Keep prescription drugs, alcohol, cigarettes and other substances in a locked cabinet or drawer. Make it clear that using these substances is not acceptable, and check the levels of all substances regularly.

Availability is also an issue when it comes to retailers. If retailers sell alcohol and cigarettes to minors, they are contributing to the problem. Most communities have programs in place to make sure that customers present ID to buy alcohol and cigarettes, but that doesn't mean you shouldn't be vigilant. If you see or hear about local retailers providing alcohol or cigarettes to minors, let your community licensing board know about it.

Lack of Communication
Many of the causes of teen drug abuse can be eliminated simply by talking.

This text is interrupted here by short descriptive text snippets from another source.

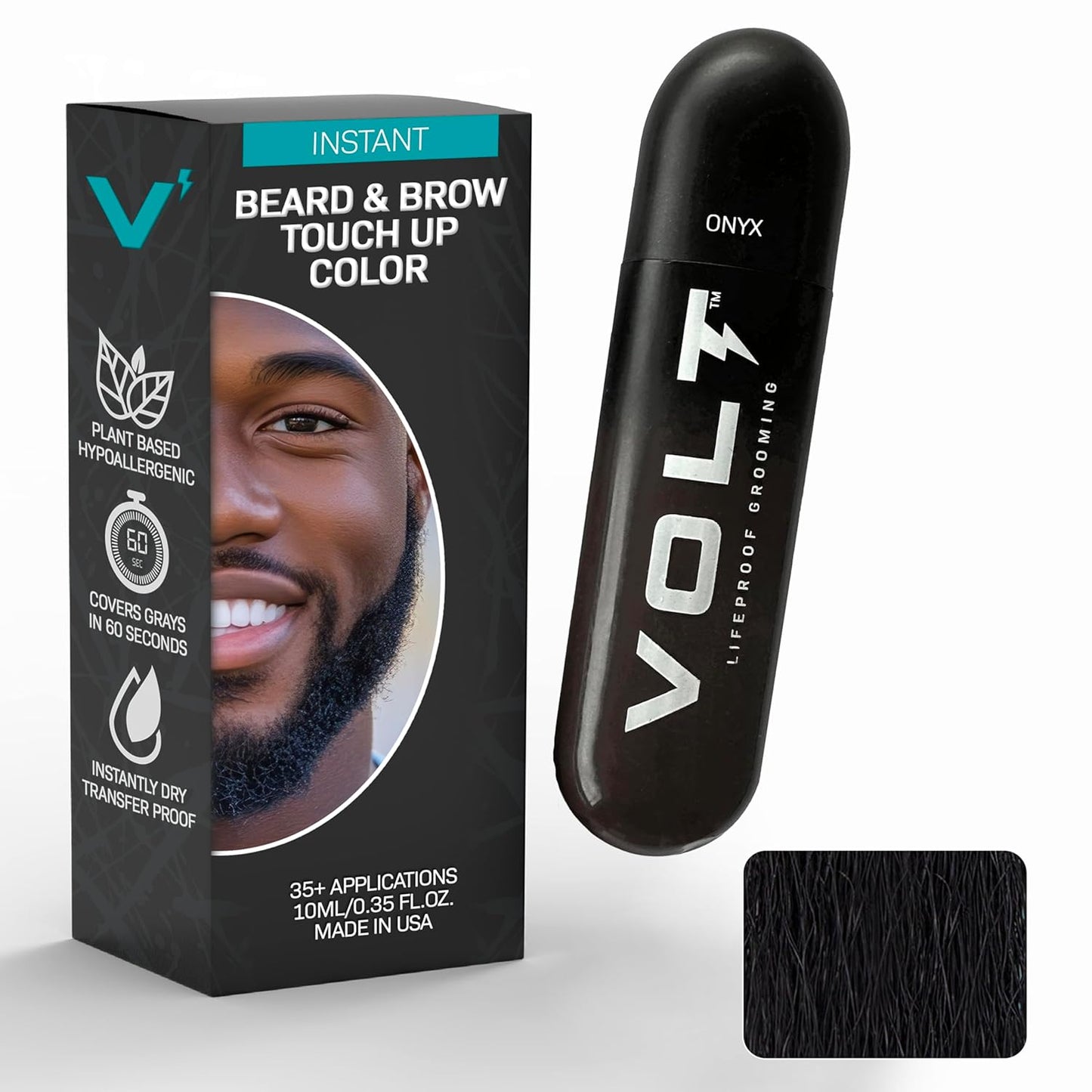 VOLT Instant Beard Color - Quick Drying Plant-Based Formula for Men | Ebony Brown/Black, 1 Pack, Up to 35 Applications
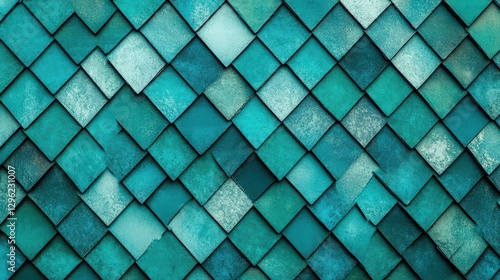 Wallpaper Mural seamless pattern of fish-scale roof tiles in teal and green, iridescent texture, tileable background, tileable texture.  Torontodigital.ca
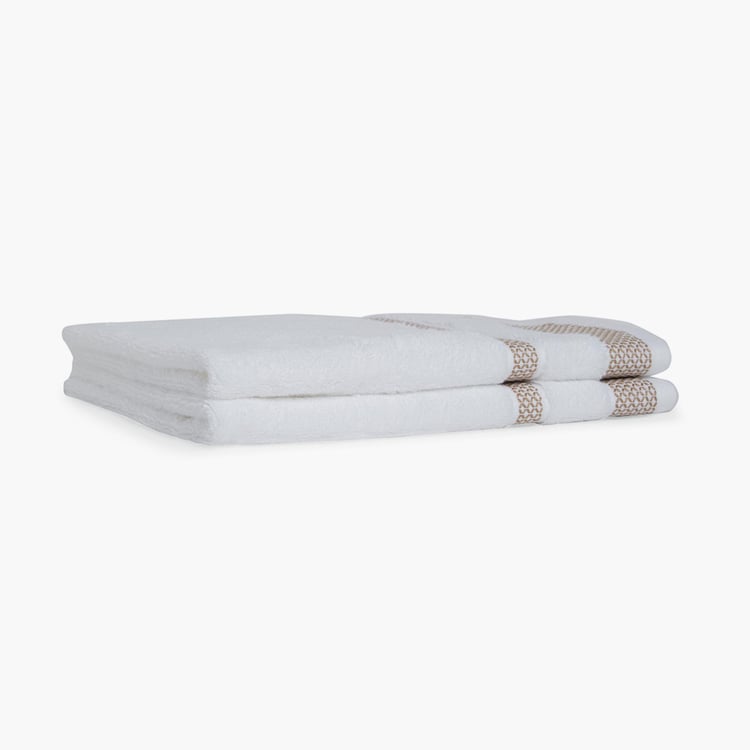 SPACES Hygro White Textured Cotton Hand Towel - 40x60cm - Set of 2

If teenagers know the specific dangers of drugs and alcohol, they will be more likely to avoid them. Vague explanations will probably not be effective in this situation. Instead, statistics and facts are far more likely to work. Get online with your teen and look for informative sites that discuss the risks of drug abuse.

Some teens may abuse drugs because they think their parents don't care. Communication solves this problem. Talk to your teen daily about her life, finding out how her friendships and schoolwork are going. Be there as much as you can, and make a point of being awake to greet her when she gets home at night. Knowing that a sobriety checkpoint is waiting inside the front door is enough to convince many teens to stay away from drugs and alcohol.

Tolerance at School
It is widely known that one of the causes of teenage drug abuse is finding drugs, alcohol and cigarettes available at school. When teenagers are selling drugs out of their lockers, they endanger every other student. Encourage local schools to conduct routine locker checks and to educate teachers about how to spot signs of drug use. Every school should have a zero tolerance policy for drug use, including suspensions for intoxicated students and mandatory treatment programs for repeat offenders.

The same rules need to apply to school functions. In recent years, athletic events have become a haven for drunken, rowdy behavior by teens. Schools need to stop this behavior by monitoring students as they come and go, conducting searches for alcohol and drugs and barring students who show signs of intoxication.

One of the most grievous causes of teenage drug abuse is stereotyping, which is linked to parental supervision and communication. Many parents assume that their children are not at risk for drug or alcohol abuse and that they therefore shouldn't worry. In reality, there is no specific type of teenager who might abuse drugs.

Any child or teenager could be at risk, so don't make assumptions. Educate all teenagers about how drugs affect the mind and body and how they can avoid them in the future. Education is the easiest way to prevent a destructive addiction from forming.